*** Extracted records Section Begins ***

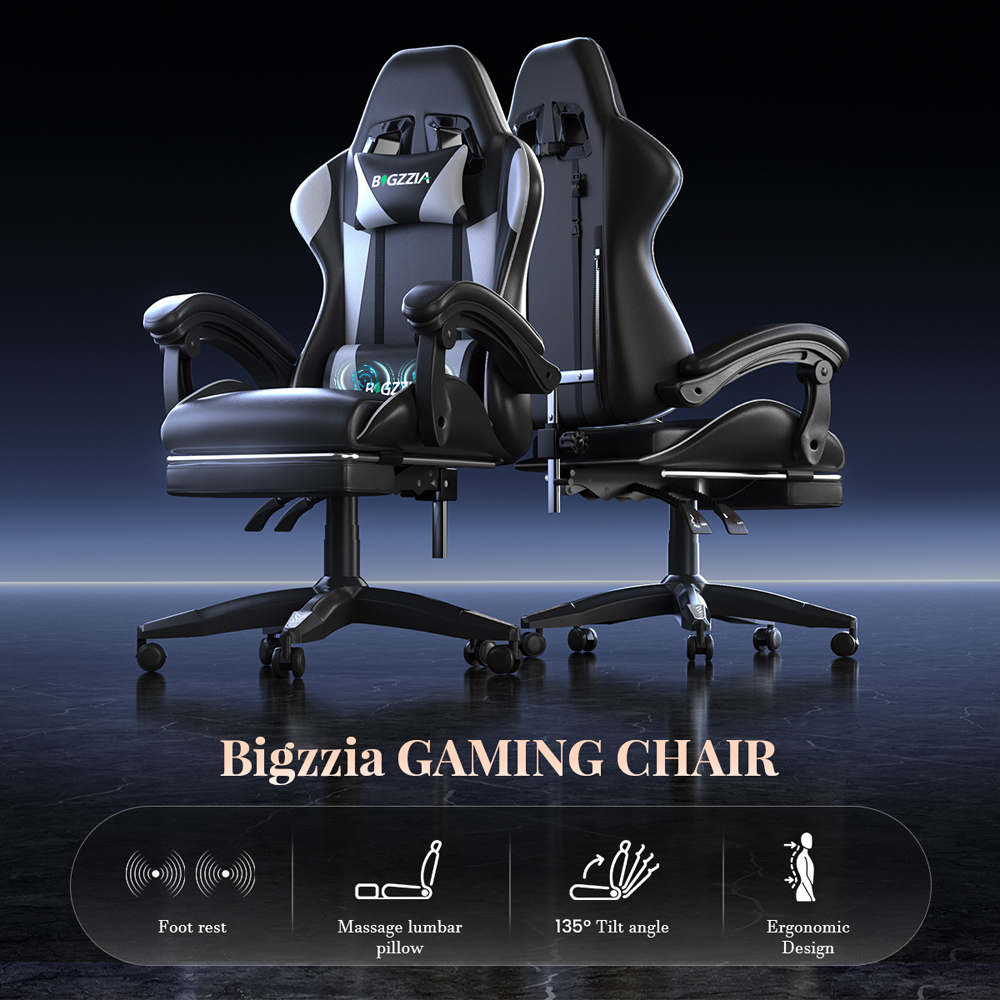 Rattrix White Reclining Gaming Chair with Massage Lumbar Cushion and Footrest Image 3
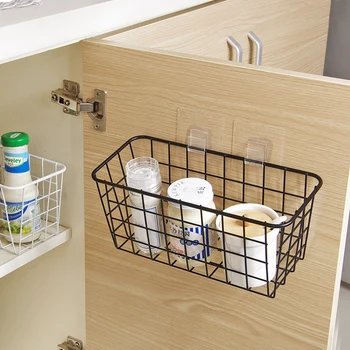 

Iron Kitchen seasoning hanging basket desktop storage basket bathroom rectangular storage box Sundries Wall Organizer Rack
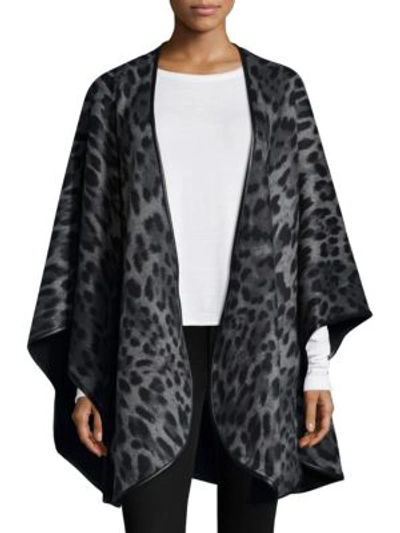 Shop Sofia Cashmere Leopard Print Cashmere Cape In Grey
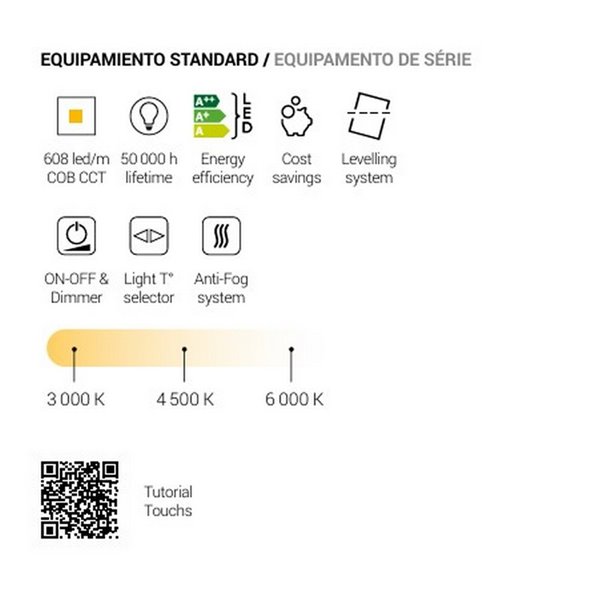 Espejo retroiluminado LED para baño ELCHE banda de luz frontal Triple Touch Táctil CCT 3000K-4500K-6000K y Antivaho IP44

*** Extracted records Section Ends ***
*** Extracted records Section Begins ***

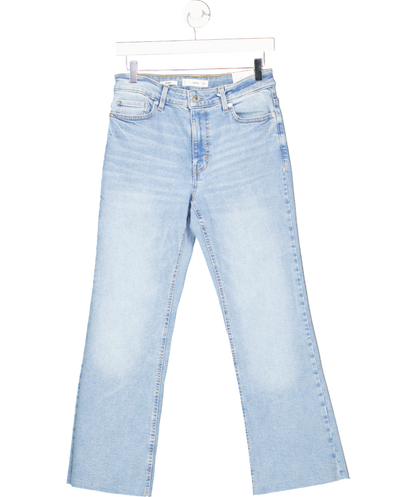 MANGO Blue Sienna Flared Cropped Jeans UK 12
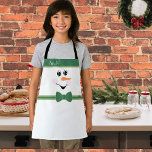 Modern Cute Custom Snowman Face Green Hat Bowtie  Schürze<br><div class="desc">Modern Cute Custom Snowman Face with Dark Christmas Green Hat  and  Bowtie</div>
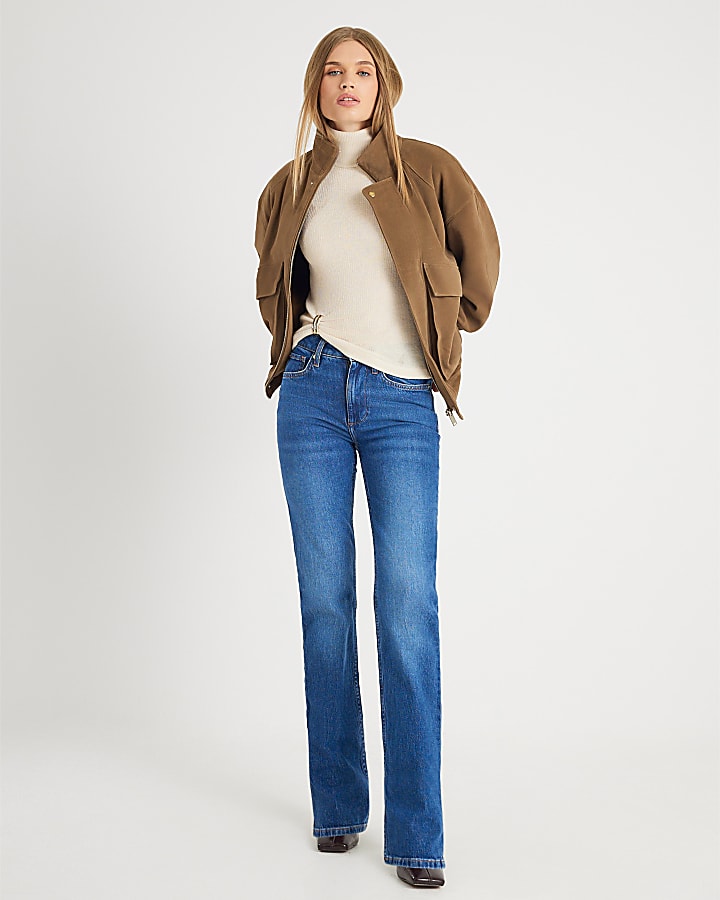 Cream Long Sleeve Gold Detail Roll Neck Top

*** Extracted records Section Ends ***

*Task prompt:*
Starting with the line above that holds "Rattrix White Reclining", restate each line word for word up to and including the line that holds "Espejo retroiluminado LED". Drop the pictures.

*Solution for this task:*
 Rattrix White Reclining Gaming Chair with Massage Lumbar Cushion and Footrest Image 3

Iron Kitchen seasoning hanging basket desktop storage basket bathroom rectangular storage box Sundries Wall Organizer Rack
 Shop Sofia Cashmere Leopard Print Cashmere Cape In Grey
 Espejo retroiluminado LED para baño ELCHE banda de luz frontal Triple Touch Táctil CCT 3000K-4500K-6000K y Antivaho IP44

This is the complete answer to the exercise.